Most configurations are found in `/etc/`. Most defaults can be found in `/etc/default`. `/opt` is usually after market software, or placed there to not conflict with the base system (for example, the Fedora/CentOS SCL installs newer toolsets, such as GCC/LD/Make into `/opt, though loads of proprietary software also installs there to not have to bother with proper packaging). `/usr` will be where all the system-provided tools and documentation will live. `/var` is used by programs and daemons to store their state.

Any directory can live on a different partition or disk. Use the `df -h` command to get an overview of your mount points. Also, unlike Windows, a disk or partition doesn't live next to all the others. They can all be interleaved into the root directory structure. Just because `/` is only 5GB doesn't mean you can't have a 2TB home directory or 30GB of programs and librairies installed.

> It could theoretically not be mounted at all, if all subdirectories are mounted individually (or it used to, I'm not convinced that's still the case).

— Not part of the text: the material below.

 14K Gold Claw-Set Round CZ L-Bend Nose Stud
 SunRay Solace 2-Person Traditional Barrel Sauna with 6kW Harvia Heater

The submounts need something to mount on. Root could conceivably be an in-memory only filesystem with a few directories automatically populated for submounts to mount on, though.

that's called initramfs.

In the case of Linux there's actually a (specially renamed) instance of a tmpfs mounted on /. Usually the real system root is mounted over that.

Lots of great links here. It is important to note however that the Filesystem Hierarchy Standard is not the one true way you should not deviate from. The FSH is full of design decisions that make sense in the historical context but are less than ideal today. There are alternatives.

If you are interested in alternatives, you can have a look at GoboLinux: https://gobolinux.org/?page=at_a_glance

Or have a look at NixOS, which has a different take: https://nixos.org/nixos/about.html http://funloop.org/post/2015-08-01-why-i-use-nixos.html

"man hier" and "man ln" are a decent start (the second one is because you mentionned links).

I'd recommend using FUSE for experimentation. You won't have to like hack on the kernel and rebuild it all the time and stuff.


Also see the Linux Standard Base project: https://en.wikipedia.org/wiki/Linux_Standard_Base

These are both somewhat dated but still very worth while and relevant reads, you can find them cheap on Amazon:

"UNIX Filesystems: Evolution, Design, and Implementation 1st Edition" by by Steve D. Pate

"Practical File System Design with the Be File System" by Dominic Giampaolo

Read the "Persistence" chapter: http://pages.cs.wisc.edu/~remzi/OSTEP/

Any book about operating systems should be a good start..you'll learn about drivers, virtual memory, file systems, task switching and a lot of other things and how they work together.